> [Material for this task]
=======
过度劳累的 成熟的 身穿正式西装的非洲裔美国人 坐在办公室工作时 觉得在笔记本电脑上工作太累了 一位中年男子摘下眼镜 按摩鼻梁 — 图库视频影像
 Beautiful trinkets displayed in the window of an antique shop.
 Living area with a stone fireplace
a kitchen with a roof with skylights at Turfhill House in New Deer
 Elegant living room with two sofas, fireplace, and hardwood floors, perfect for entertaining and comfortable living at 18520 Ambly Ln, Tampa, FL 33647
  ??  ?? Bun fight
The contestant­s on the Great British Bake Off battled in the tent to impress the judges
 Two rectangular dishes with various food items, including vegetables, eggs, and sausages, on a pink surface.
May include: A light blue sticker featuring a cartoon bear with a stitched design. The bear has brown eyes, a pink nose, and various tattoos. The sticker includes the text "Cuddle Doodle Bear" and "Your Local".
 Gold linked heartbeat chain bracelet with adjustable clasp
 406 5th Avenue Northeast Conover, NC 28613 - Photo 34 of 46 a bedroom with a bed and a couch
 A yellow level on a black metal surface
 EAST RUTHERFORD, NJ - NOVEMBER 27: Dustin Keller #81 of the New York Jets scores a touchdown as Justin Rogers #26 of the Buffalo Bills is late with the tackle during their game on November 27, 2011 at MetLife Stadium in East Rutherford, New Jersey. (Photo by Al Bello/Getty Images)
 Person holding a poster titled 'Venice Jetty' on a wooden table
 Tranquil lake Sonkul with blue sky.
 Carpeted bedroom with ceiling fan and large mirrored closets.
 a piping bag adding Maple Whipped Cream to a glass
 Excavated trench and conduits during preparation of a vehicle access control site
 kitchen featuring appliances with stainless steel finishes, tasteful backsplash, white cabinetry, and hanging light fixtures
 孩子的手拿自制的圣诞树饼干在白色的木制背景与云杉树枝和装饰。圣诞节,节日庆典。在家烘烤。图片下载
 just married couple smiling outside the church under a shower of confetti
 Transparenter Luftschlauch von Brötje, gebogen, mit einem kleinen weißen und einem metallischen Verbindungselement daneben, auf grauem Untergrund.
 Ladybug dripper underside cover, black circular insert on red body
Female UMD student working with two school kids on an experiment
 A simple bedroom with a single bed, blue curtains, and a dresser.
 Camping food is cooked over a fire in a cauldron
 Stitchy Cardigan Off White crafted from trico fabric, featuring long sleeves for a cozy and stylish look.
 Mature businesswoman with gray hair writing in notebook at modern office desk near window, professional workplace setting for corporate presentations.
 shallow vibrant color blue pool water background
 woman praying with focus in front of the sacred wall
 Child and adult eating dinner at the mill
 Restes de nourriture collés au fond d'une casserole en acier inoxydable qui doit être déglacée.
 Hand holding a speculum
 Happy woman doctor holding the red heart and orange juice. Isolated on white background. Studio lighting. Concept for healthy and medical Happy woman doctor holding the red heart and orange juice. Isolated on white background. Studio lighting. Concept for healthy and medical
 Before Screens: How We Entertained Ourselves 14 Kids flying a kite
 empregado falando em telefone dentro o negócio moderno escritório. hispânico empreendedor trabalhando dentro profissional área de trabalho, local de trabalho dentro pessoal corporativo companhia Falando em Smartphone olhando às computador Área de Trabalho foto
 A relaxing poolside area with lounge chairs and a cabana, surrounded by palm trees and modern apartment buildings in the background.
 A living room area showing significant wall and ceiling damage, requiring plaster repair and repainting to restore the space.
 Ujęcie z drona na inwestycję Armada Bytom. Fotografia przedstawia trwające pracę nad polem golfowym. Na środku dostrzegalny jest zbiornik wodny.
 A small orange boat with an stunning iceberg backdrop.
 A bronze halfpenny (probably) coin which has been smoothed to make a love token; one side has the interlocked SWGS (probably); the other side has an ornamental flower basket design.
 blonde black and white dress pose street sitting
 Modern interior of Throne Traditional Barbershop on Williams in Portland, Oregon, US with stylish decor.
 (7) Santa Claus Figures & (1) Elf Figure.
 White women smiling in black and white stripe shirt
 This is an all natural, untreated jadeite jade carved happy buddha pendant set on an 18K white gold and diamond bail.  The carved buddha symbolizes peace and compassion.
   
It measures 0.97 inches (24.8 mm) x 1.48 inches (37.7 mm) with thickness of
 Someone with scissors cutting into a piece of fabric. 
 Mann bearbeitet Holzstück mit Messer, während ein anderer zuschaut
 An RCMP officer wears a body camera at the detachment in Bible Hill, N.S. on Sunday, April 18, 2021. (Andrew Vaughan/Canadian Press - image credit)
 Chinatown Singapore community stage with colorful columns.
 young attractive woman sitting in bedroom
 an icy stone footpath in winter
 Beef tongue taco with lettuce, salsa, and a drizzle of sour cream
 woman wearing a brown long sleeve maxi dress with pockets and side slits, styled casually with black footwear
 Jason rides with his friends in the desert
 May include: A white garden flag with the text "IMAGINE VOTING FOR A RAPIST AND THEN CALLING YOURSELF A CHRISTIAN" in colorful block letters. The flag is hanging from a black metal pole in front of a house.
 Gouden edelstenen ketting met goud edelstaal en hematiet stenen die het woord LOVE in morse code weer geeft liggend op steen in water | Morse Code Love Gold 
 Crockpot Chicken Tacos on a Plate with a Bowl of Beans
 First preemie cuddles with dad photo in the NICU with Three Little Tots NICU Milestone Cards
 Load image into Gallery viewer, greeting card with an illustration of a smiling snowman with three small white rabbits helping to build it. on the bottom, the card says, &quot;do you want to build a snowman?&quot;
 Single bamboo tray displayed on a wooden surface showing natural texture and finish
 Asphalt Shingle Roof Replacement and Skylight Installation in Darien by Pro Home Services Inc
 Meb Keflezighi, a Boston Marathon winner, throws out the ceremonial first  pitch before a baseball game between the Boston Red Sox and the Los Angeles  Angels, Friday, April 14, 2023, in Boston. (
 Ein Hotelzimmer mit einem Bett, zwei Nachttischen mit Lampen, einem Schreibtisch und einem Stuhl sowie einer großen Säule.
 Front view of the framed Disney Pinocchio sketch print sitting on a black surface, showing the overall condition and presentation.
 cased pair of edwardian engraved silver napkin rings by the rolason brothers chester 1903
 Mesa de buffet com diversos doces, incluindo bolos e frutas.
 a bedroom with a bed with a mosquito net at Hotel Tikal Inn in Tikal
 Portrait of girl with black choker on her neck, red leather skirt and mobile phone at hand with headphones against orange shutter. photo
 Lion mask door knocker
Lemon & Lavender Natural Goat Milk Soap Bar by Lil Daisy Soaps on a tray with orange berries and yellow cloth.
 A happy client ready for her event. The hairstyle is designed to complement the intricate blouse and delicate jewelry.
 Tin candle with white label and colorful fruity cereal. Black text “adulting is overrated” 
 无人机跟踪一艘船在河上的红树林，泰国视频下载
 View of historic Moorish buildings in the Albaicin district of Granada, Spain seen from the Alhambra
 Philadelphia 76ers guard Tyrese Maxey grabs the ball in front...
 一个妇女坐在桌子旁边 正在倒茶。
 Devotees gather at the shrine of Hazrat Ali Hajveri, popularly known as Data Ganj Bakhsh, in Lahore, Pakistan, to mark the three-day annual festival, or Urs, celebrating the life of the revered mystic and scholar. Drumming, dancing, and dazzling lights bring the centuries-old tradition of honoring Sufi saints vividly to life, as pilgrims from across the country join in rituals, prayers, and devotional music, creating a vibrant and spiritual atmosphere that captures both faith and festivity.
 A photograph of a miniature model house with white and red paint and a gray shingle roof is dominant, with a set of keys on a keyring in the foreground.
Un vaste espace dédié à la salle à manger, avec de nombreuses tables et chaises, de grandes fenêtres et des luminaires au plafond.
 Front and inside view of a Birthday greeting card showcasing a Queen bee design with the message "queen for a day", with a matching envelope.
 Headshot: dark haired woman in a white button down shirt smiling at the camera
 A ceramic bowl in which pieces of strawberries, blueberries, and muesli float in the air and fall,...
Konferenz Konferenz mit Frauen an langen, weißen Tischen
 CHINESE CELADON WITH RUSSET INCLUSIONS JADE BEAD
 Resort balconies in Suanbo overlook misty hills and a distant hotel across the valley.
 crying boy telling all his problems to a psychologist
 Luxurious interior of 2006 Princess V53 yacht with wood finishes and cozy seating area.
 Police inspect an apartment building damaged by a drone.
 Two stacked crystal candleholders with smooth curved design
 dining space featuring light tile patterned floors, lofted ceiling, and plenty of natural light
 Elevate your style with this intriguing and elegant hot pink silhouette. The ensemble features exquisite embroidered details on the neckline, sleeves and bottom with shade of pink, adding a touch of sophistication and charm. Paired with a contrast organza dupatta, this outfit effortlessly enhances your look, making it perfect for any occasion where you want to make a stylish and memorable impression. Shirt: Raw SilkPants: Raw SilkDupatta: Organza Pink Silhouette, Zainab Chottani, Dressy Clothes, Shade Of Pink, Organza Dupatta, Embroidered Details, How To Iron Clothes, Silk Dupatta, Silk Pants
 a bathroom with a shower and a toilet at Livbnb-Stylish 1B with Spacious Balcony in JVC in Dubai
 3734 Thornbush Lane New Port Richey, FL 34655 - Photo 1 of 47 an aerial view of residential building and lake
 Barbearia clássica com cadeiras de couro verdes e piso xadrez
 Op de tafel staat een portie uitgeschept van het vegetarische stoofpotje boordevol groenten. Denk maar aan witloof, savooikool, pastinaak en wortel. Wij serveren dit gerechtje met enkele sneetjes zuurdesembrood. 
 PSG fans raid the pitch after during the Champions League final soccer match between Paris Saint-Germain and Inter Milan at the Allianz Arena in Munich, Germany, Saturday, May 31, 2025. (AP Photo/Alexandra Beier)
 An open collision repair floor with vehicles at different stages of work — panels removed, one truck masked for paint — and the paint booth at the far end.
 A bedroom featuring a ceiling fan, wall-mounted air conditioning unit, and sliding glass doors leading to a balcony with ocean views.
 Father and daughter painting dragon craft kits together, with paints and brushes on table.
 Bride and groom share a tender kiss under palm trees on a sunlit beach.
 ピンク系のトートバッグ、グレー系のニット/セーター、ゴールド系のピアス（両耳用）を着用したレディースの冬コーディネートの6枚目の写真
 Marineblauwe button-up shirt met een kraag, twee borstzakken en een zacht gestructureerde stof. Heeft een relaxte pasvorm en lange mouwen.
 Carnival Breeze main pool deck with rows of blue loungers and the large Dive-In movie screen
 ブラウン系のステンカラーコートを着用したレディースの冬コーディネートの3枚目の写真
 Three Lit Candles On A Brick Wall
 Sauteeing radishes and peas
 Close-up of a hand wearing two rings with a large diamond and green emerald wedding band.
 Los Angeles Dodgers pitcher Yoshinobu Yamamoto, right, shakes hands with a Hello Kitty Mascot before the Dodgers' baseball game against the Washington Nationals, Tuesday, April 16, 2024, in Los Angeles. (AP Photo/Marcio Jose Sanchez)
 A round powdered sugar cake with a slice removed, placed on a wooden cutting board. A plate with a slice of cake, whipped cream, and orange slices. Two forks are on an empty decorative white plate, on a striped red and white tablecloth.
=======
> [Task prompt] Copy word for word the stretch of entries above from the line that has "May include: A light" through the line that has "Hand holding a speculum", both ends included, and nothing outside it.

> [Exercise output]
May include: A light blue sticker featuring a cartoon bear with a stitched design. The bear has brown eyes, a pink nose, and various tattoos. The sticker includes the text "Cuddle Doodle Bear" and "Your Local".
 Gold linked heartbeat chain bracelet with adjustable clasp
 406 5th Avenue Northeast Conover, NC 28613 - Photo 34 of 46 a bedroom with a bed and a couch
 A yellow level on a black metal surface
 EAST RUTHERFORD, NJ - NOVEMBER 27: Dustin Keller #81 of the New York Jets scores a touchdown as Justin Rogers #26 of the Buffalo Bills is late with the tackle during their game on November 27, 2011 at MetLife Stadium in East Rutherford, New Jersey. (Photo by Al Bello/Getty Images)
 Person holding a poster titled 'Venice Jetty' on a wooden table
 Tranquil lake Sonkul with blue sky.
 Carpeted bedroom with ceiling fan and large mirrored closets.
 a piping bag adding Maple Whipped Cream to a glass
 Excavated trench and conduits during preparation of a vehicle access control site
 kitchen featuring appliances with stainless steel finishes, tasteful backsplash, white cabinetry, and hanging light fixtures
 孩子的手拿自制的圣诞树饼干在白色的木制背景与云杉树枝和装饰。圣诞节,节日庆典。在家烘烤。图片下载
 just married couple smiling outside the church under a shower of confetti
 Transparenter Luftschlauch von Brötje, gebogen, mit einem kleinen weißen und einem metallischen Verbindungselement daneben, auf grauem Untergrund.
 Ladybug dripper underside cover, black circular insert on red body
Female UMD student working with two school kids on an experiment
 A simple bedroom with a single bed, blue curtains, and a dresser.
 Camping food is cooked over a fire in a cauldron
 Stitchy Cardigan Off White crafted from trico fabric, featuring long sleeves for a cozy and stylish look.
 Mature businesswoman with gray hair writing in notebook at modern office desk near window, professional workplace setting for corporate presentations.
 shallow vibrant color blue pool water background
 woman praying with focus in front of the sacred wall
 Child and adult eating dinner at the mill
 Restes de nourriture collés au fond d'une casserole en acier inoxydable qui doit être déglacée.
 Hand holding a speculum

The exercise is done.